The next day, my family and I got up at the break of dawn in order to avoid the heavy tram and foot traffic to Narrows Hike. As the name suggests, the trail follows a narrow canyon through a low, quick-flowing river. We traveled the first stretch as a whole, stepping slowly on the rocky riverbed and stopping constantly for picture opportunities.  However, when my aunts, uncles, and mom stopped for a lunch break, my cousins, my brother and I charged forward to see what lie ahead.

We took the trail up a while and we began to see hand-prints along the walls of the canyon created by the paste-like, red soil only found at this bend of the trail. I climbed onto a rock jutting out of the side of the wall in order to create a lasting print at a higher height than the others, but as I slowly descended back into the river, I failed to realize that the stream had gradually increased in depth. I burst out of the water laughing, and felt so energized that I swam all the way up and down the next bend in the river.

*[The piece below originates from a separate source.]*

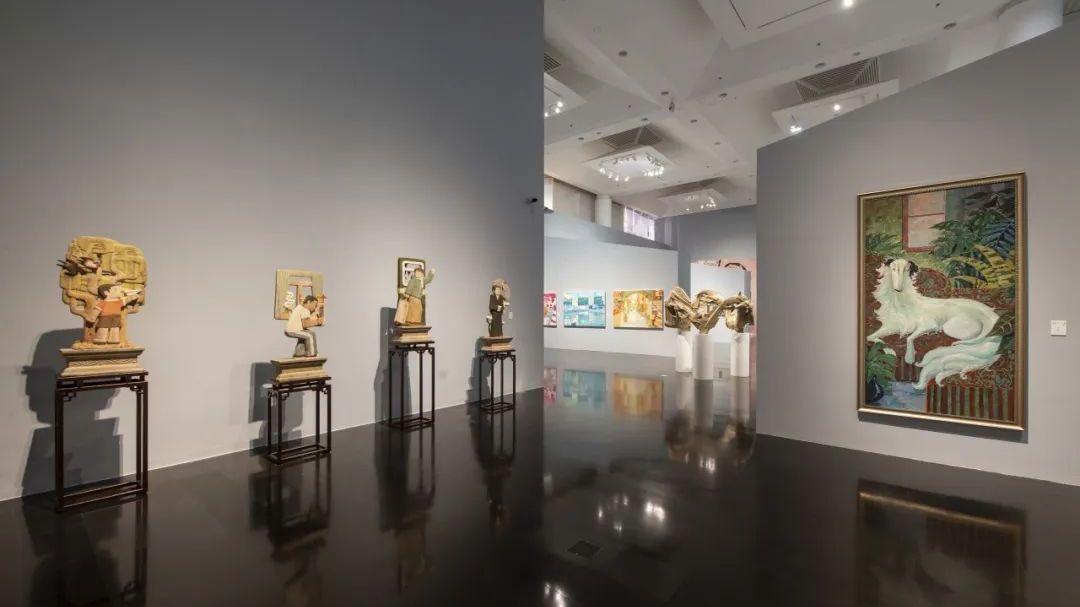 对外开放!清华美院2025届本科生毕业作品亮相艺博 对外开放!清华美院2025届本科生毕业作品亮相艺博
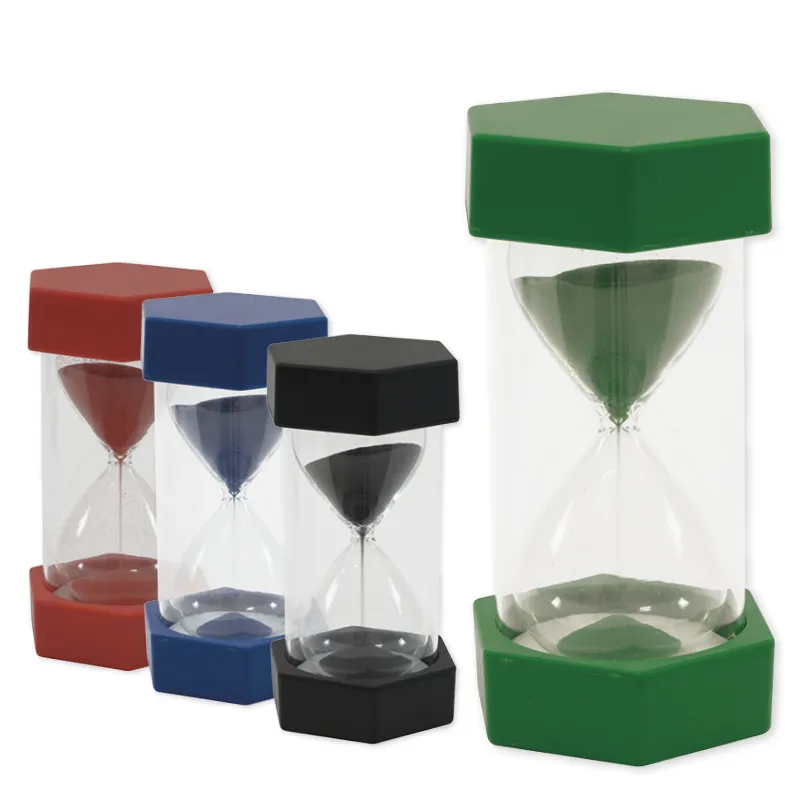 Sanduhr, 12cm hoch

It was time to walk back, but this time it felt like a breeze. My legs kicked up a new, invigorated pace, and my shoulders no longer felt burdened by my loaded backpack. We got on the tram to ride back to our campsite, and as soon as I got on I closed my eyes. As I opened them to see the magnificent, glistening rock walls, I smiled, because for the first time in a long time, I felt exhausted, but not the slightest bit overwrought.